> _Exercise material_:

####################

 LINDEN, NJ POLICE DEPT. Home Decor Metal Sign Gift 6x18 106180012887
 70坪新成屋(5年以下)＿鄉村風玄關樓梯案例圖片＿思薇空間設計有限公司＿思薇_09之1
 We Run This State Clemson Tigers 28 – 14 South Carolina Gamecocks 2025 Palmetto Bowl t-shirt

####################

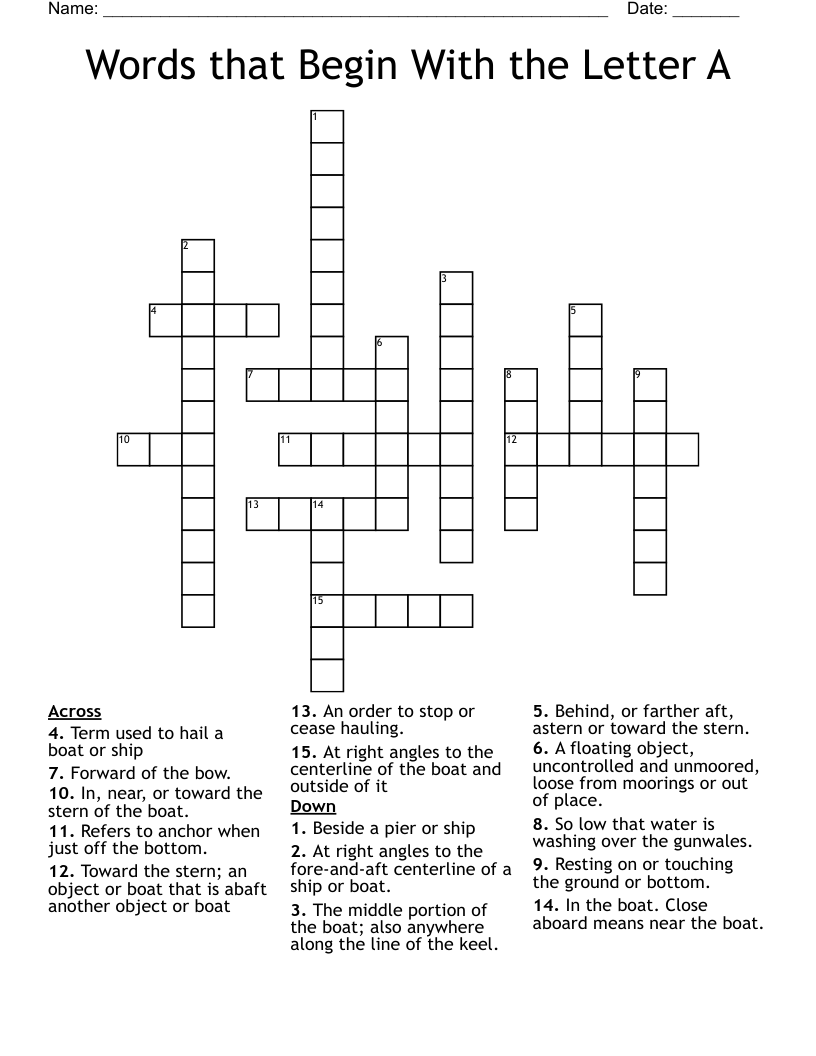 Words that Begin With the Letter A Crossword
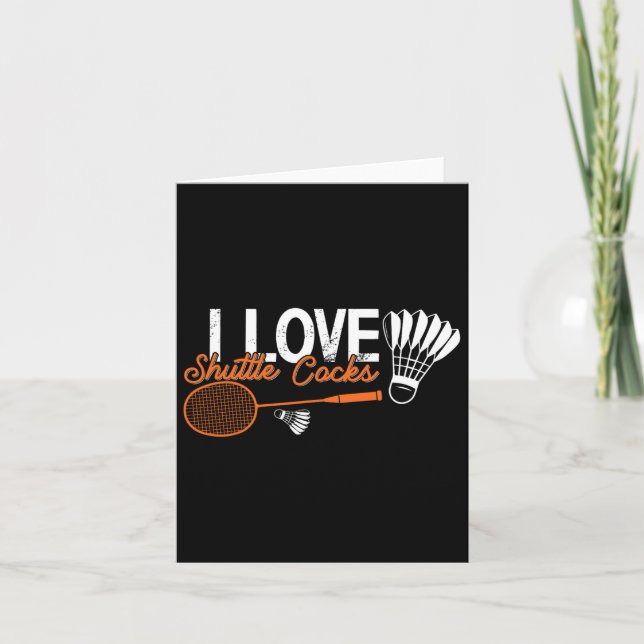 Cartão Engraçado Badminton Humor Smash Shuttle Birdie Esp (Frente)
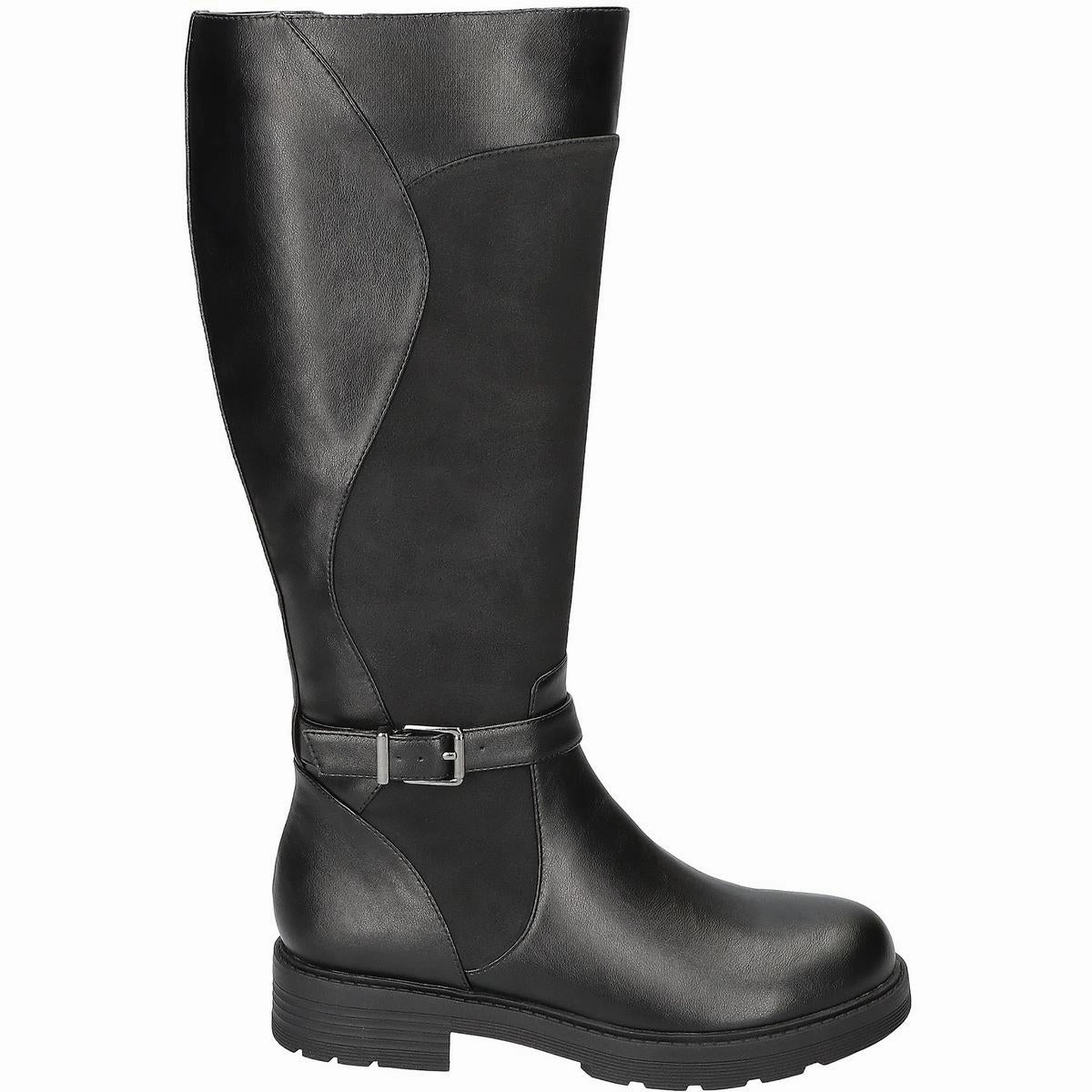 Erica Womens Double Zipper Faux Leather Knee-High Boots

####################

> _Your objective_: Using the records above, set down exactly the lines from the one with "LINDEN, NJ POLICE" through the one with "We Run This", inclusive, and nothing more.

> _Result of this task_:
 LINDEN, NJ POLICE DEPT. Home Decor Metal Sign Gift 6x18 106180012887
 70坪新成屋(5年以下)＿鄉村風玄關樓梯案例圖片＿思薇空間設計有限公司＿思薇_09之1
 We Run This State Clemson Tigers 28 – 14 South Carolina Gamecocks 2025 Palmetto Bowl t-shirt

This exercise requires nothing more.